Prompt: Leave the pictures out, and transcribe the material below exactly from the line with "Полезный кофе Shoten" to the line with "李宁篮球服套装定制粉色女球衣夏季学生男训练背心比赛队服印字号", both lines included.

Source material:
====

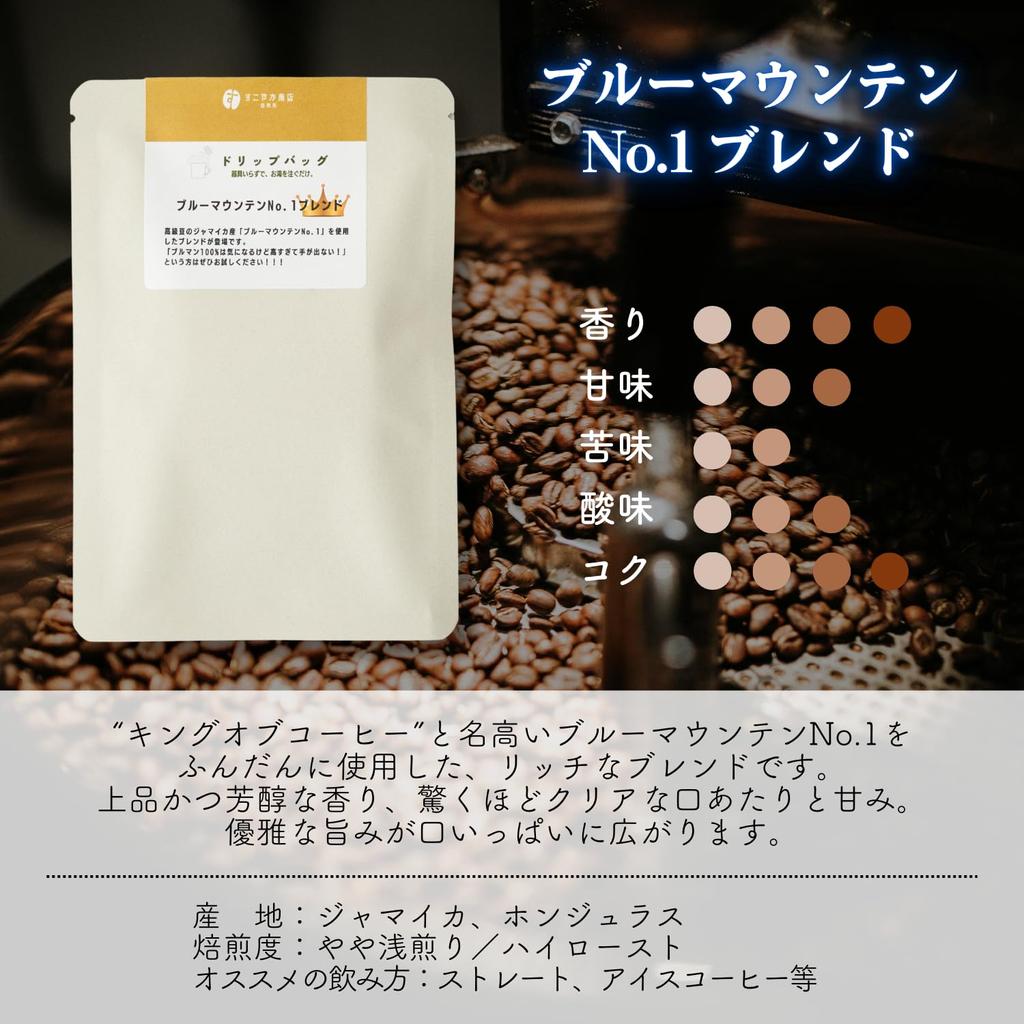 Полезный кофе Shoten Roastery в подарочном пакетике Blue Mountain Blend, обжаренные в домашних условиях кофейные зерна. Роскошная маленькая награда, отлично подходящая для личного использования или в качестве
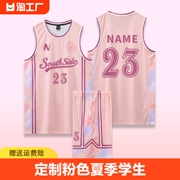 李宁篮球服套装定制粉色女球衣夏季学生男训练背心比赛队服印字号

====

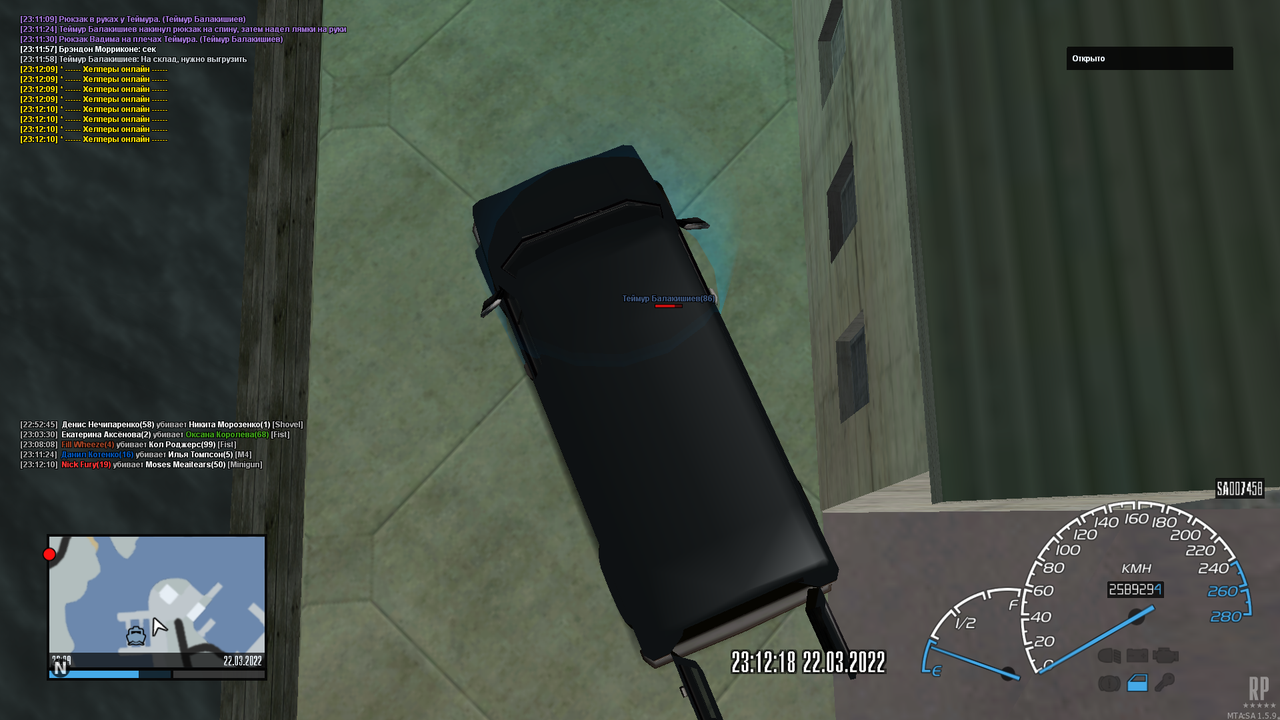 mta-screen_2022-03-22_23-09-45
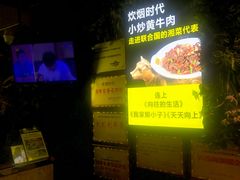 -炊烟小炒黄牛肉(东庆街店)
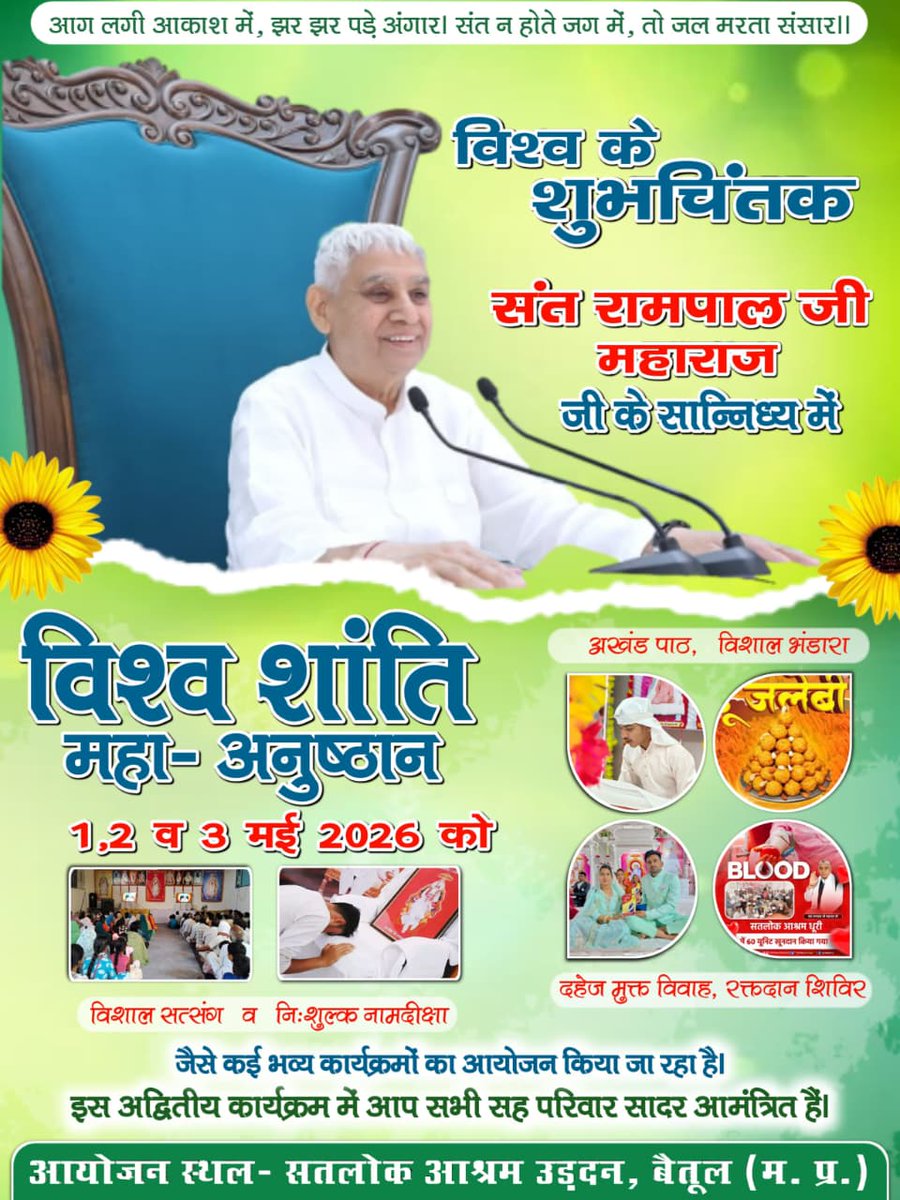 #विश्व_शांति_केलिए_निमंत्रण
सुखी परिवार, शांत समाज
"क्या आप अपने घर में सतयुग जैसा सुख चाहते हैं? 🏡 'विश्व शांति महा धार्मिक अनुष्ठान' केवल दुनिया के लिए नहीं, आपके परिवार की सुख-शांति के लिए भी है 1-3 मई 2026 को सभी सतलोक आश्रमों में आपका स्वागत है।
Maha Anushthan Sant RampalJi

====

Written solution:
 Полезный кофе Shoten Roastery в подарочном пакетике Blue Mountain Blend, обжаренные в домашних условиях кофейные зерна. Роскошная маленькая награда, отлично подходящая для личного использования или в качестве
 李宁篮球服套装定制粉色女球衣夏季学生男训练背心比赛队服印字号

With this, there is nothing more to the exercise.